* What you have to do *
Show every line below where "Case" appears.
__________________________________________________
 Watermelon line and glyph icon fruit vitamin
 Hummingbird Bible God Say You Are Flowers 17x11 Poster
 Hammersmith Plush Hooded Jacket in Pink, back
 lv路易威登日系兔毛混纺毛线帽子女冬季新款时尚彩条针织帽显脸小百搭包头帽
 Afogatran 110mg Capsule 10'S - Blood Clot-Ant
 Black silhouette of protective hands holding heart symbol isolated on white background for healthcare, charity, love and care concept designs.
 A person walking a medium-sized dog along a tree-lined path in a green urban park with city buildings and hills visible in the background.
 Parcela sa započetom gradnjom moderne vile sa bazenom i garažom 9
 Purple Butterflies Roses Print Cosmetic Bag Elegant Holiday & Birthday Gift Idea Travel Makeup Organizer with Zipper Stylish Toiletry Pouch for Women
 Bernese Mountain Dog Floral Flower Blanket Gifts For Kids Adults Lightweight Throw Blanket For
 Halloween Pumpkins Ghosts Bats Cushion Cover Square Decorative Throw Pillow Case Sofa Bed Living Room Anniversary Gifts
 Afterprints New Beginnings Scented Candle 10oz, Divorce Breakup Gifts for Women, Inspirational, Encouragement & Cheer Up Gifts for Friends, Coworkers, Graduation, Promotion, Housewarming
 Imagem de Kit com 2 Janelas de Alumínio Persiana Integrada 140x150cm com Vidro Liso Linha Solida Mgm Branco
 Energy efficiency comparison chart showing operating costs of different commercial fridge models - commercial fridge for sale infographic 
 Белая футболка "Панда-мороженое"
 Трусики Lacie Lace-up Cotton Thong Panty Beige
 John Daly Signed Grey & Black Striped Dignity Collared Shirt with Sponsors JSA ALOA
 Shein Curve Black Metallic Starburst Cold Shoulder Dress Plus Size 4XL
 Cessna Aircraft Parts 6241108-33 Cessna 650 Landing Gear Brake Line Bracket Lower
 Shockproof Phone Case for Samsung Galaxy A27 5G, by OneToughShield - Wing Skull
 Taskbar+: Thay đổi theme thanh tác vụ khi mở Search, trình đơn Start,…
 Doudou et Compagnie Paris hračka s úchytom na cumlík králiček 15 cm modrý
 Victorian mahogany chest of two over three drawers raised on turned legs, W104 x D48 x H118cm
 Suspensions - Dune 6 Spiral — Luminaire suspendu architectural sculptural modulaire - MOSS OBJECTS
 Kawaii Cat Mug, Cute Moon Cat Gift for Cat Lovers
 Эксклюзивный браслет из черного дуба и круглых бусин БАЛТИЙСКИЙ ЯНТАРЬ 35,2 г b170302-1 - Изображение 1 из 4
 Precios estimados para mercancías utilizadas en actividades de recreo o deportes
__________________________________________________
* Response for this exercise *
 Halloween Pumpkins Ghosts Bats Cushion Cover Square Decorative Throw Pillow Case Sofa Bed Living Room Anniversary Gifts
 Shockproof Phone Case for Samsung Galaxy A27 5G, by OneToughShield - Wing Skull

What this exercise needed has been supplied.